Exercise objective:
In the copy, include no pictures. Reproduce the rest of the entries exactly.

Data listing: Begin

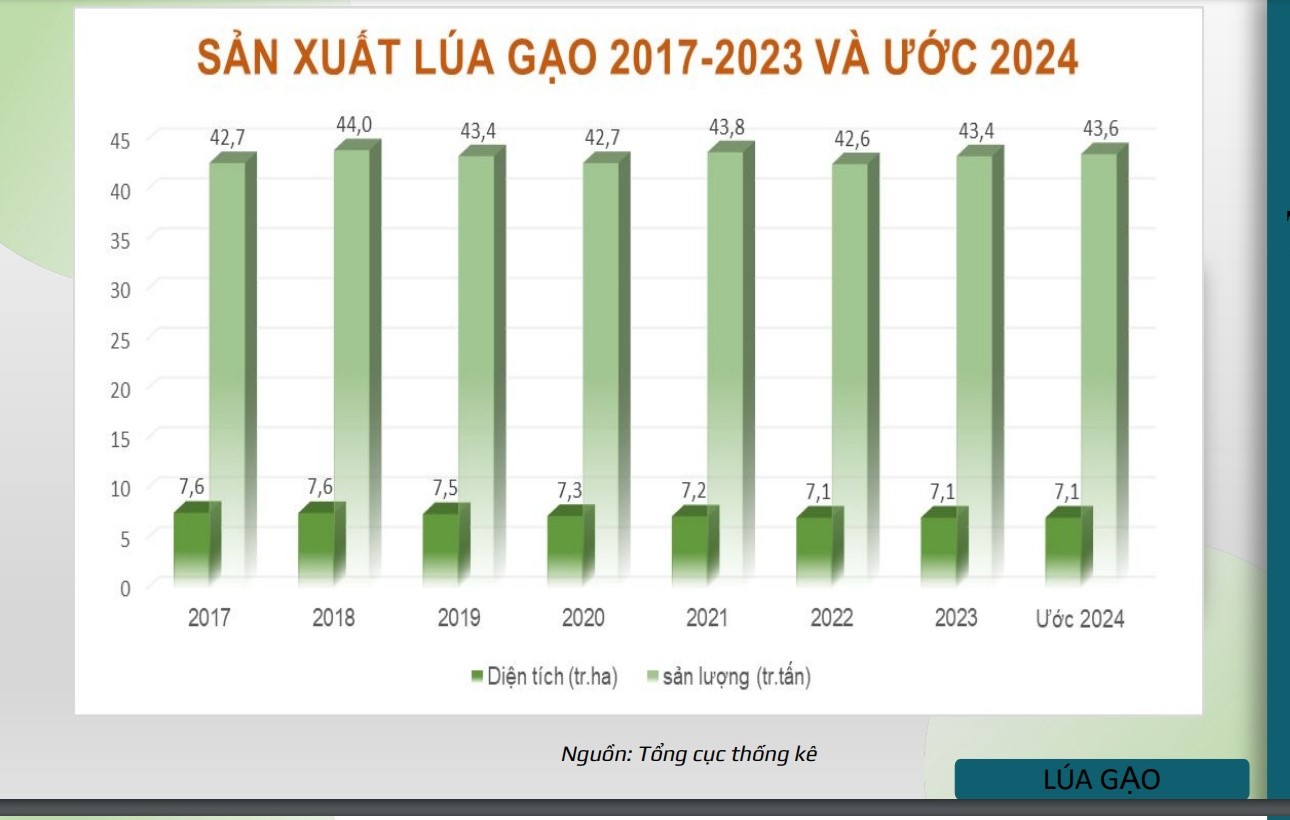 Giải mã kỷ lục xuất khẩu gạo khó tin của Việt Nam- Ảnh 2.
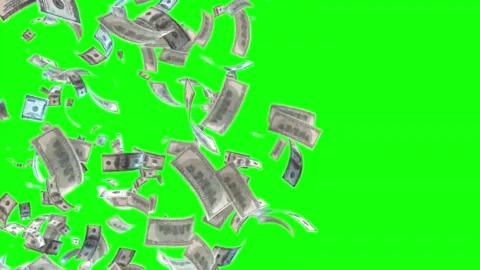 US Dollar Bills Falling Money Rain Animation on Green Screen Stock Footage 341262660
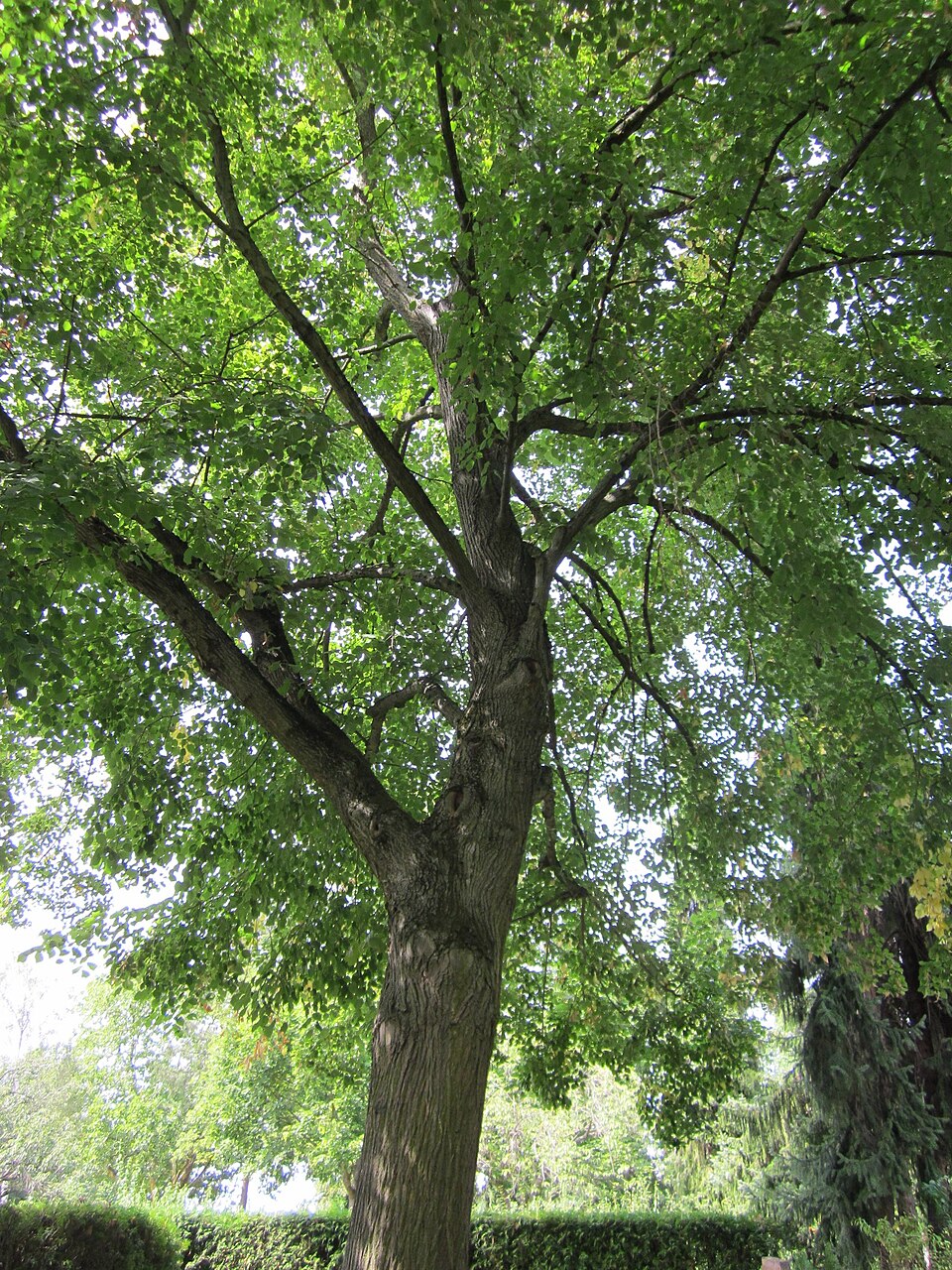 Acer platanoides (Norway maple) (alternate view 5)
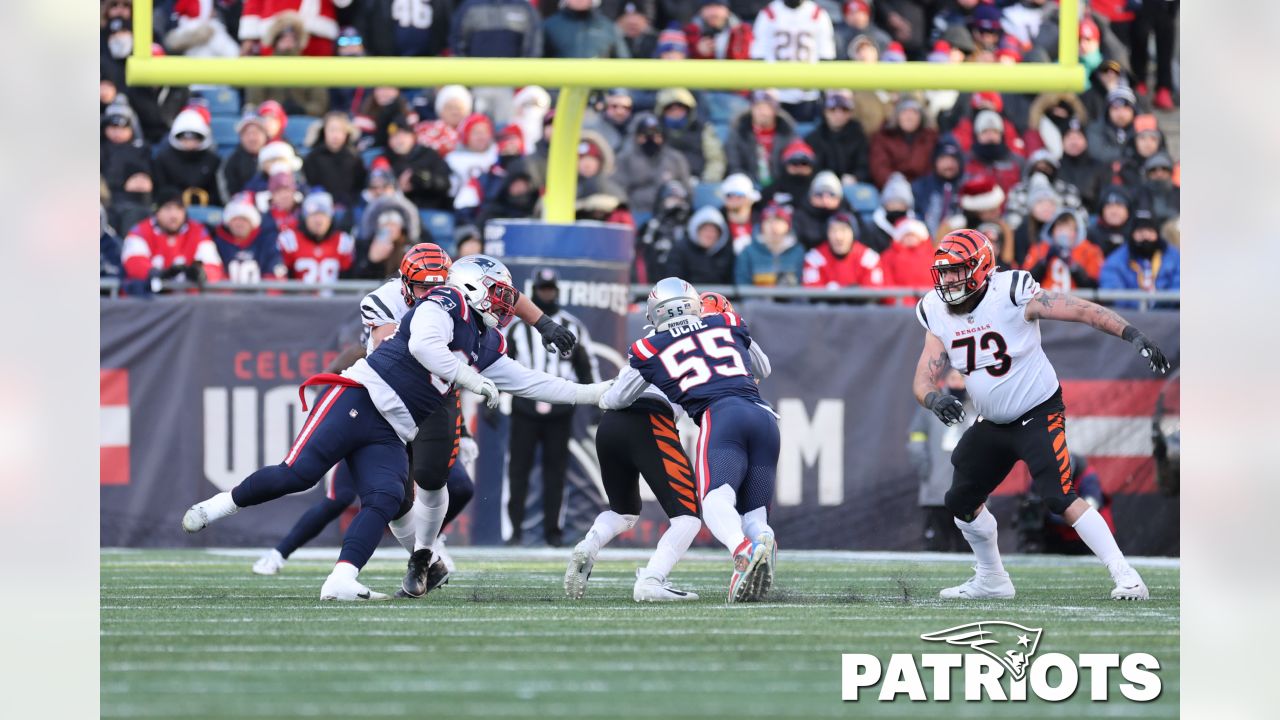 Bengals vs. Patriots Week 16 Simulation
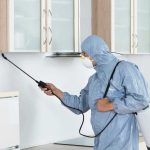 Safe Pest Control for Fruit Trees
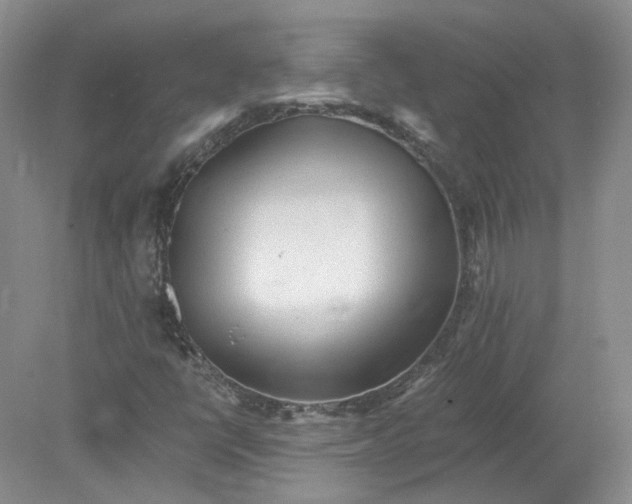 X0000078281398200611172044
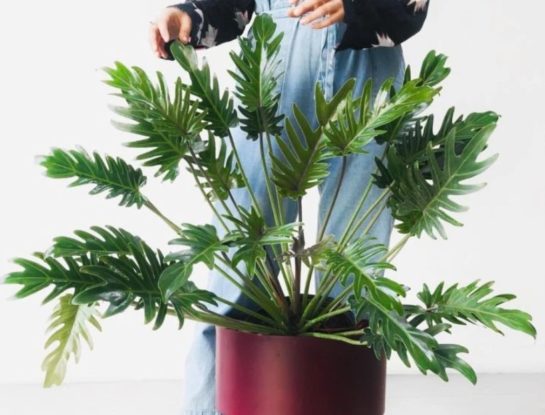 Filodendro xanadu: una planta de interior muy decorativa y fácil de cuidar que puede crecer en ambientes con poca luz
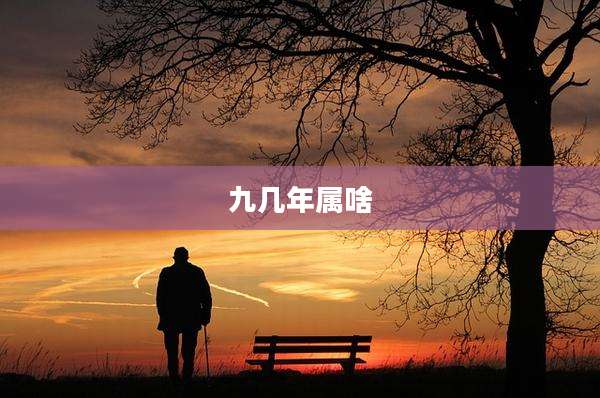 九几年属啥
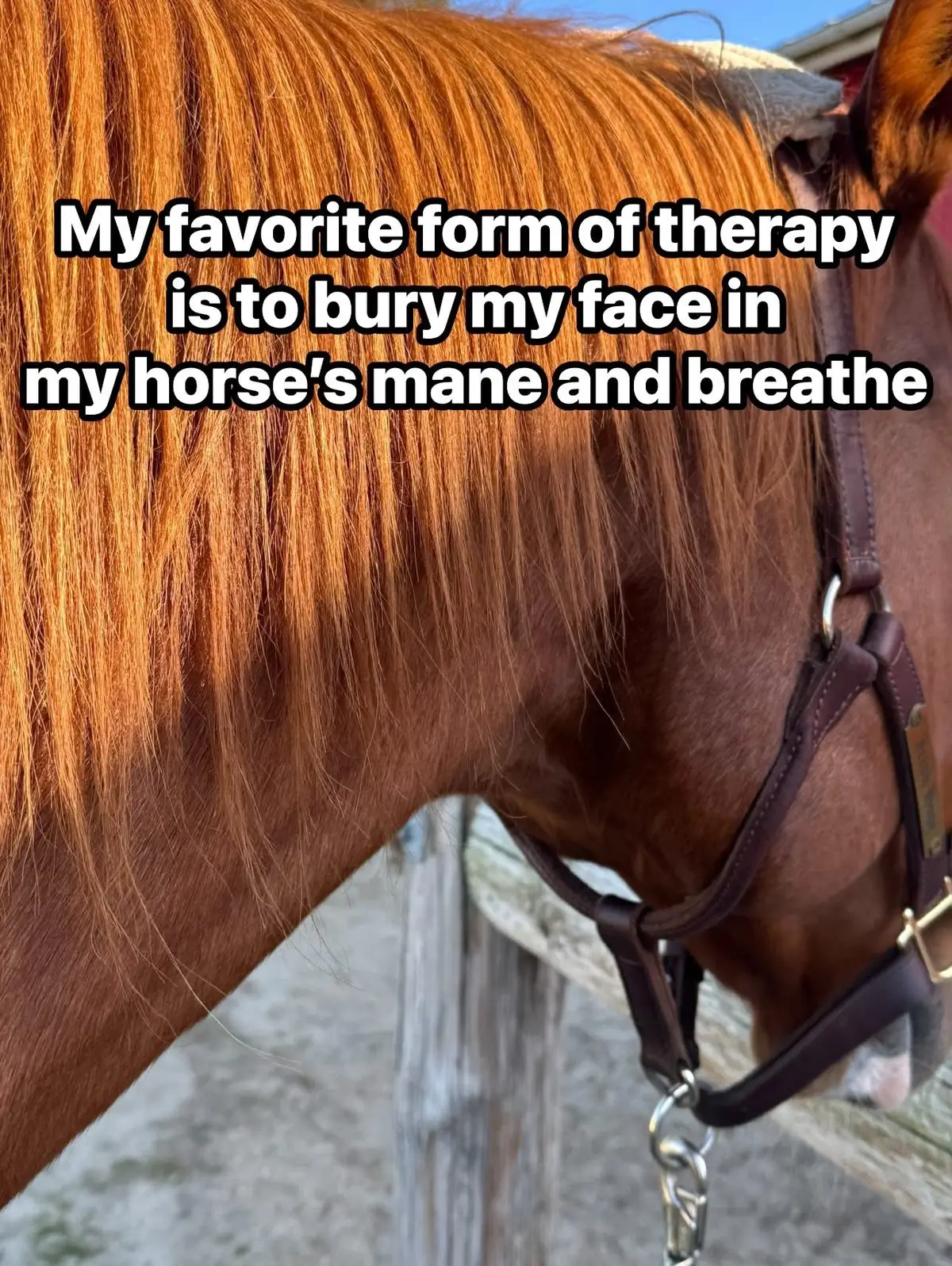 @Horselife
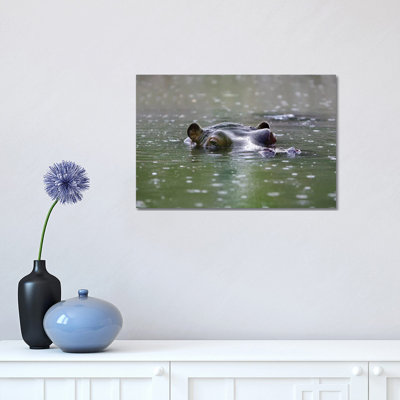 Hippo 1 Piece Wrapped Canvas Wall Art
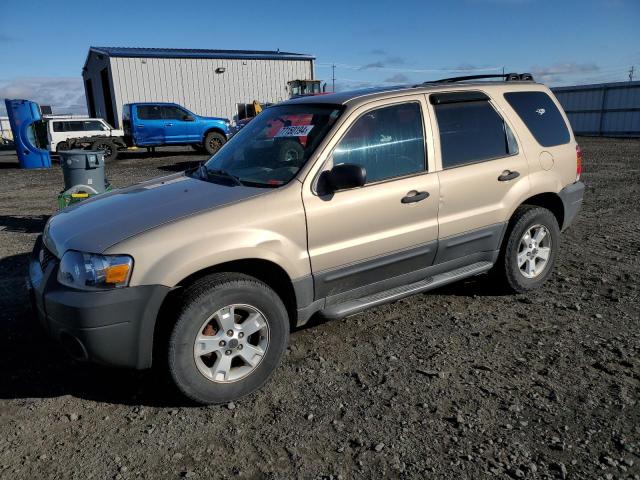 ford escape xlt 2007 1fmcu93zx7kb68870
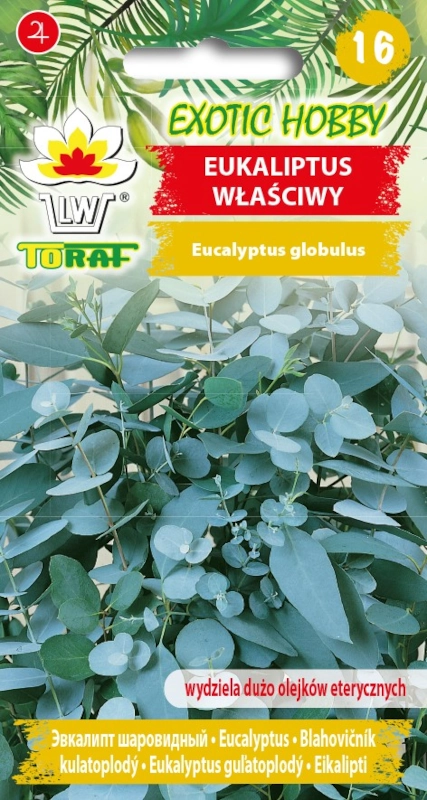 Toraf Eukaliptus właściwy 2 nasiona sklep rajogrodnika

Data listing: End

Solution below:
 Giải mã kỷ lục xuất khẩu gạo khó tin của Việt Nam- Ảnh 2.
 US Dollar Bills Falling Money Rain Animation on Green Screen Stock Footage 341262660
 Acer platanoides (Norway maple) (alternate view 5)
 Bengals vs. Patriots Week 16 Simulation
 Safe Pest Control for Fruit Trees
 X0000078281398200611172044
 Filodendro xanadu: una planta de interior muy decorativa y fácil de cuidar que puede crecer en ambientes con poca luz
 九几年属啥
 @Horselife
 Hippo 1 Piece Wrapped Canvas Wall Art
 ford escape xlt 2007 1fmcu93zx7kb68870
 Toraf Eukaliptus właściwy 2 nasiona sklep rajogrodnika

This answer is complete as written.